«Die Tat hat uns sehr schockiert»

Küsnacht, 3.9.19 (kath.ch) Ein Mann stösst in Frankfurt einen Achtjährigen und die Mutter vor den Zug, das Kind stirbt. Der Fall schockiert auch die Schweiz, denn der Täter ist ein im Raum Zürich lebender Eritreer. Es folgen Anschuldigungen und Beschimpfungen. Ein eritreisch-orthodoxer Priester aus Küsnacht sagt: «Die Tat hat uns sehr schockiert. Schade, dass man wegen eines tragischen Einzelfalls alle Eritreer verurteilt.»

Raphael Rauch

Maharena Tsegezab (41) hat sich in ein weisses Tuch gehüllt. An weissen Tüchern erkennt man oft Christen aus Eritrea. Das Tuch erinnert an Grablegung und Auferstehung Christi. An Tsegezabs Halskette baumelt ein Kreuz mit der Aufschrift «Jerusalem». Ob er schon mal in der Heiligen Stadt war? «Nein», sagt Tsegezab. «Ich bin ein Flüchtling aus Eritrea. Ich hatte keine Möglichkeit, ins Heilige Land zu reisen.»

Messe in der reformierten Kirche Wollishofen

Tsegezab ist Priester der Eritreisch-Orthodoxen Kirche. Wie in der Orthodoxie üblich, darf er heiraten. Er wohnt mit seiner Frau und seinen fünf Kindern in Küsnacht und betreut 200 Gläubige. Die Messe feiert er jeden zweiten Sonntag in Wollishofen in einer reformierten Kirche. «Wir suchen Räume, damit wir Kindern und Jugendlichen den Katechismus beibringen können», sagt Tsegezab. Er lobt die Zusammenarbeit mit den hiesigen Kirchen, besonders mit Stephan Schwitter, dem Bereichsleiter Migrantenseelsorge der katholischen Kirche im Kanton Zürich, und dem reformierten Pfarrer Peter Wittwer.

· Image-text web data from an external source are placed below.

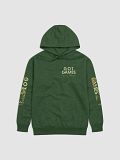 G.O.T HOLLY TREE HOODIE product image (1)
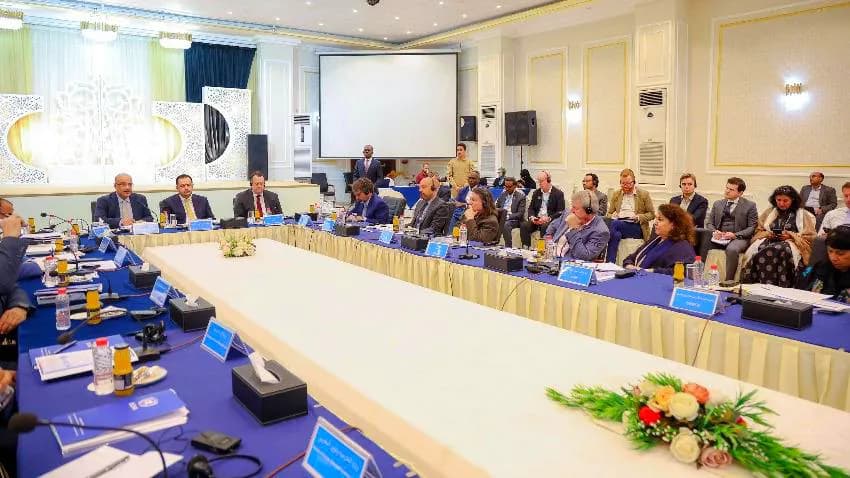 طاولة يمنية - أممية لإعادة توجيه الدعم نحو التنمية المستدامة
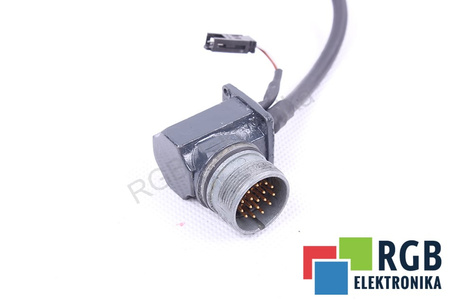 1FT6044-4AF71-4AH2 SIEMENS 17PIN PRIZĂ DE MĂSURARE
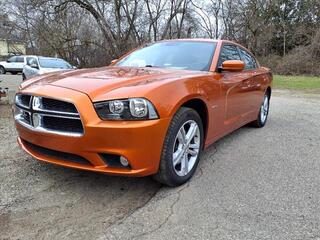 2011 Dodge Charger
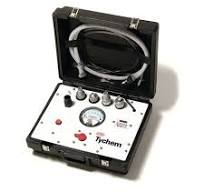 DuPont 990810 Pressure Test Kit For Level A Suits | Saf-T ...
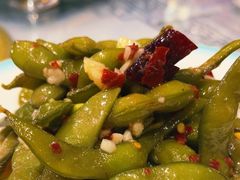 -辣不怕口味虾(凌霄路店)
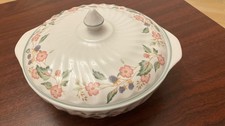 BHS Victorian Rose tureen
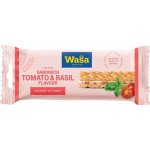Wasa Knäckebroty rajčata a bazalka 40 g – Sleviste.cz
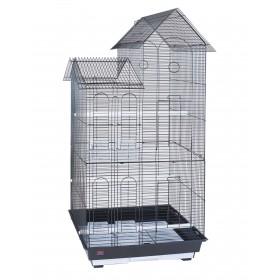 Hyacinth Volière Horizon Hyacinth 808A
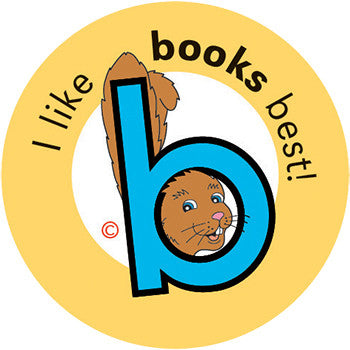 Merit Stickers (pack of 10) [Classic]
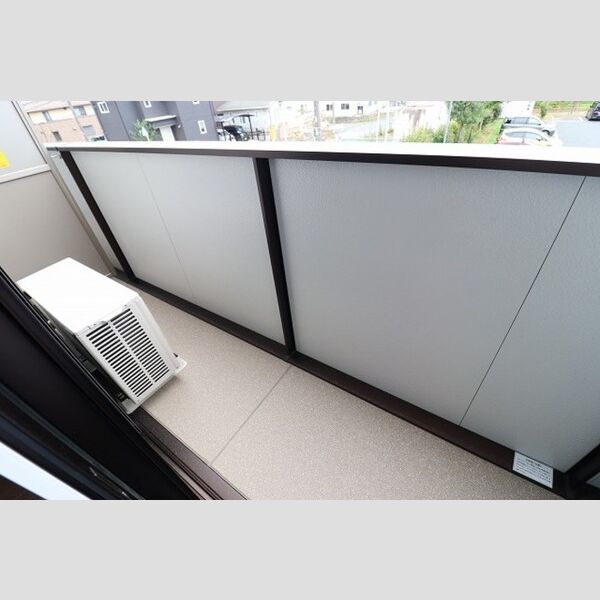 ビューテラス バルコニー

Seit fünf Jahren lebt Tsegezab in der Schweiz. Sein Deutsch ist gebrochen, zum Interview kommt er mit Teklemichael Mengisteab. Er ist Migrations-Fachmann, betreut Flüchtlinge und hilft beim Übersetzen. Was typisch eritreisch-orthodox sei? Dass die Messe etwa vier Stunden lang gehe, sagt Tsegezab. Wie früher auch in katholischen Kreisen üblich, soll man die Eucharistie nüchtern empfangen. Das bedeutet: Zur Messe um 7 Uhr morgens kommen die Gläubigen ohne Frühstück. Erst später, nachdem sie Leib und Blut Christi kommuniziert haben, dürfen sie Nahrung zu sich nehmen.

«Gott will das nicht»

Der Fall des mutmasslich psychisch kranken Eritreers, der in Frankfurt einen Achtjährigen und die Mutter vor den Zug geworfen hat, beschäftigt auch die Eritreer in Zürich. Er arbeitete bei den Zürcher Verkehrsbetrieben und galt als Beispiel einer Bilderbuch-Integration.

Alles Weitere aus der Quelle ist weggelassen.